(THE PROBLEM) No pictures go into the copy. Write out exactly the lines below from the one containing "Vase with Stem Holes" through the one containing "TP-link NE200-Outdoor 5G-ruter".

(DATA IN THIS EXERCISE)
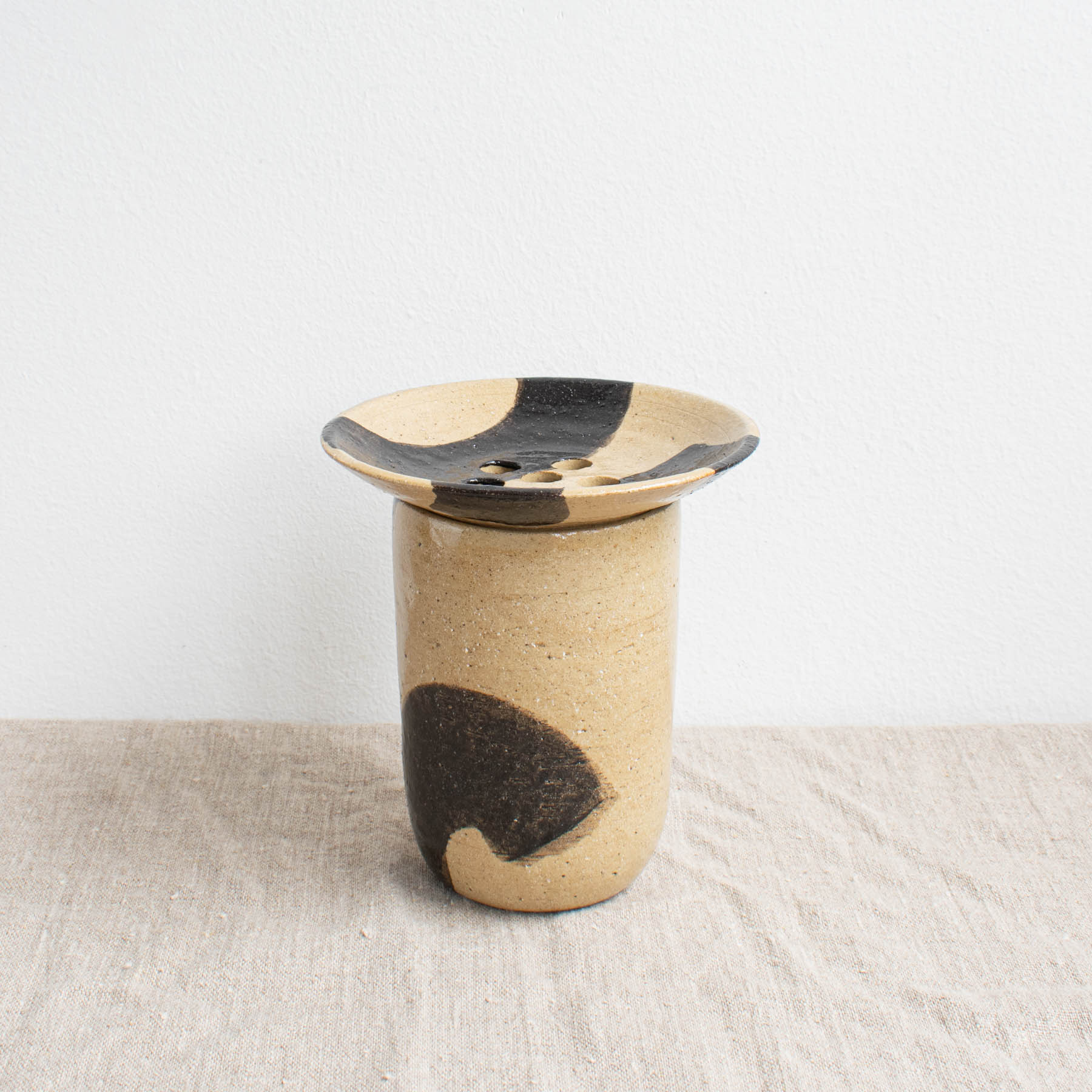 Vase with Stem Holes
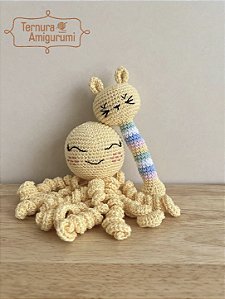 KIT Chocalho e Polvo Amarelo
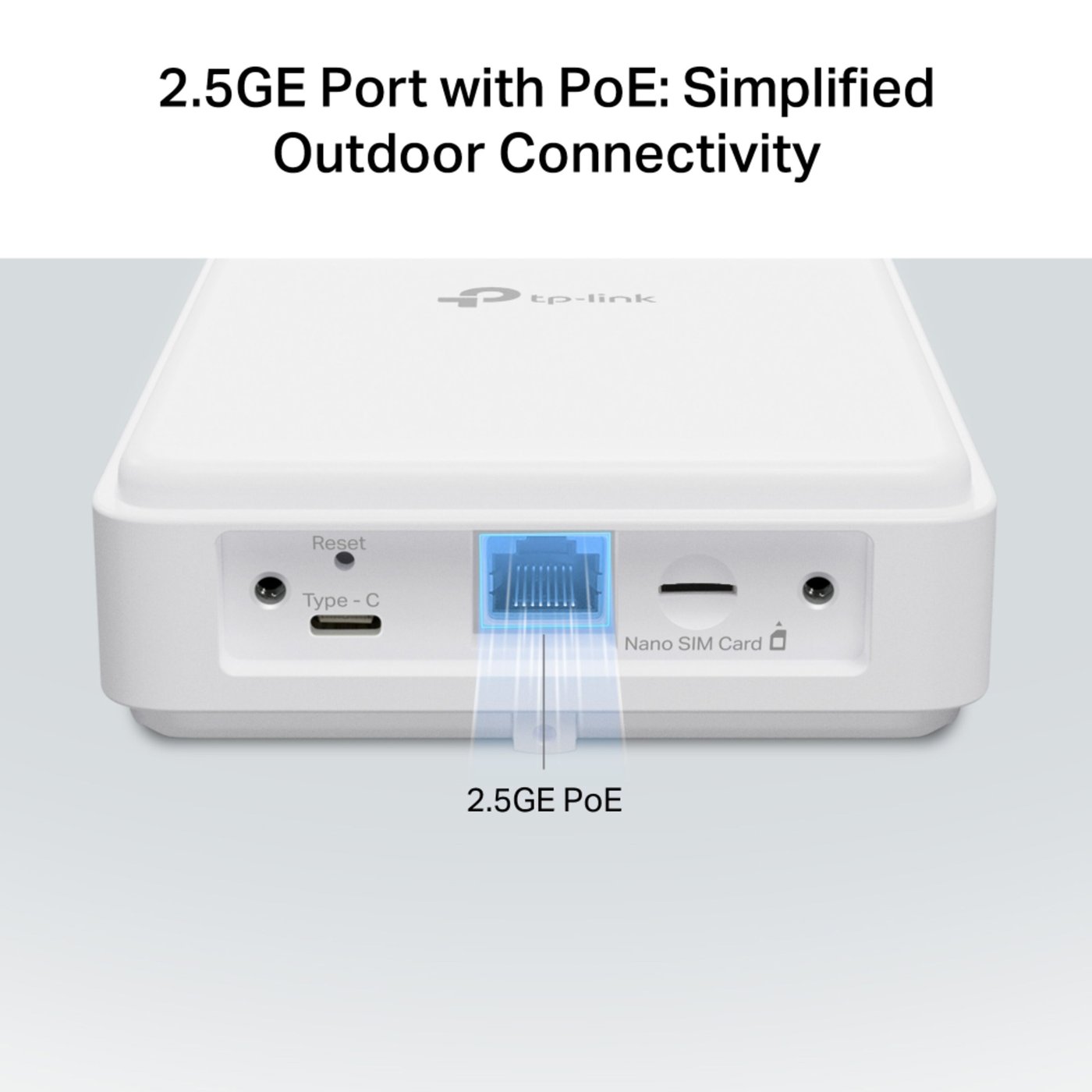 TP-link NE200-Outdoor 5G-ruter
* * *
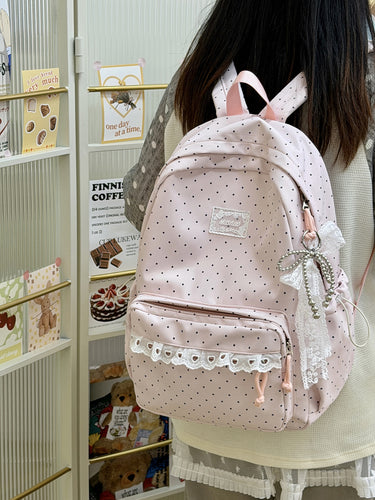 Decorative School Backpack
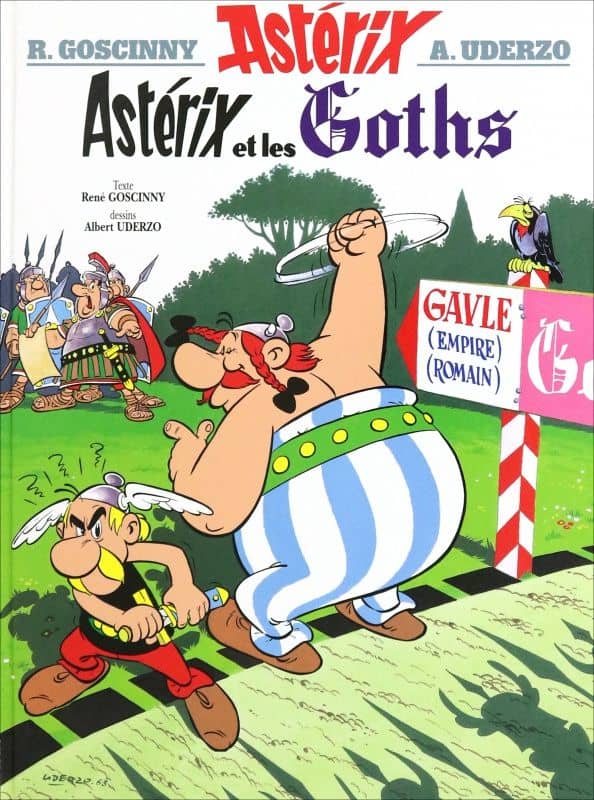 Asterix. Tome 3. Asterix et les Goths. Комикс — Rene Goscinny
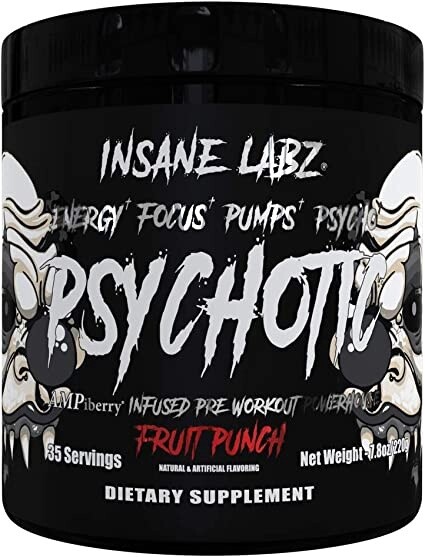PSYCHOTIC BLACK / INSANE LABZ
* * *
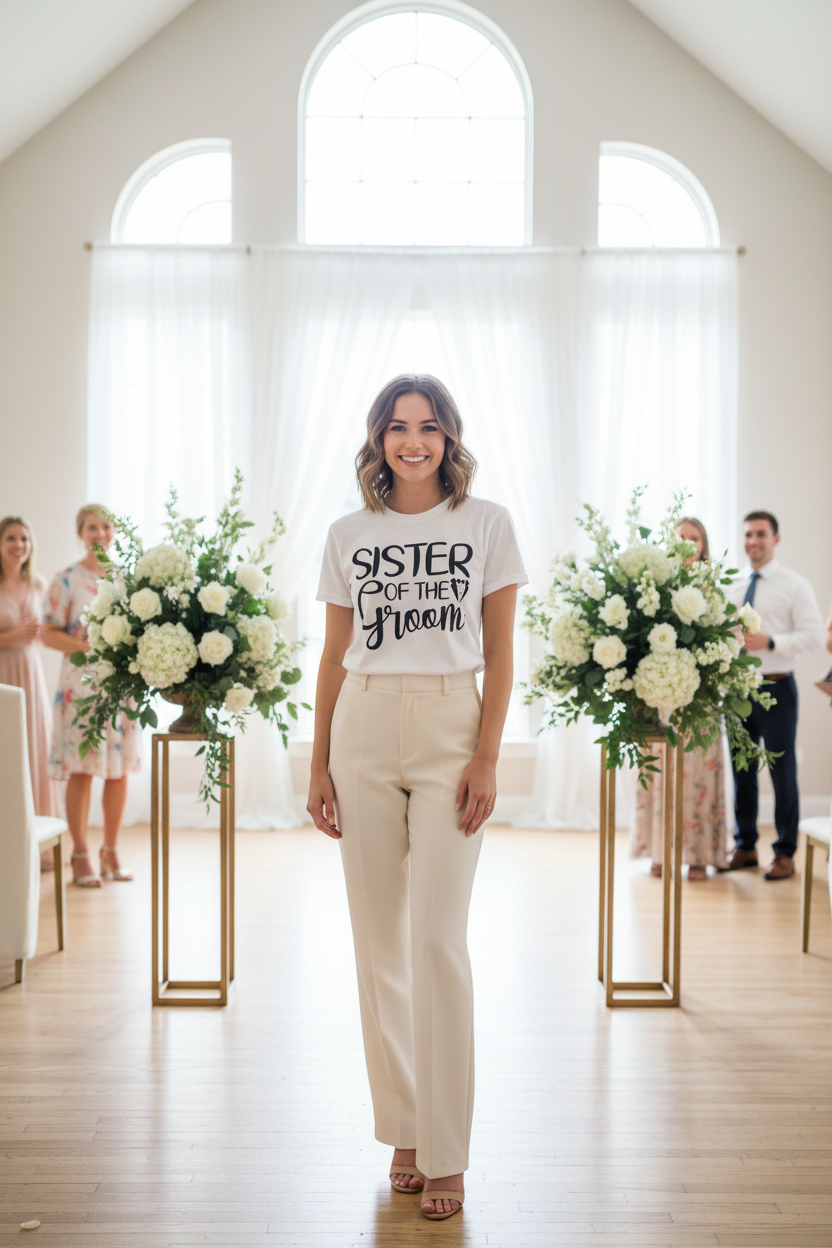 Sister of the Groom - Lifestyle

(COMPLETED EXERCISE)
 Vase with Stem Holes
 KIT Chocalho e Polvo Amarelo
 TP-link NE200-Outdoor 5G-ruter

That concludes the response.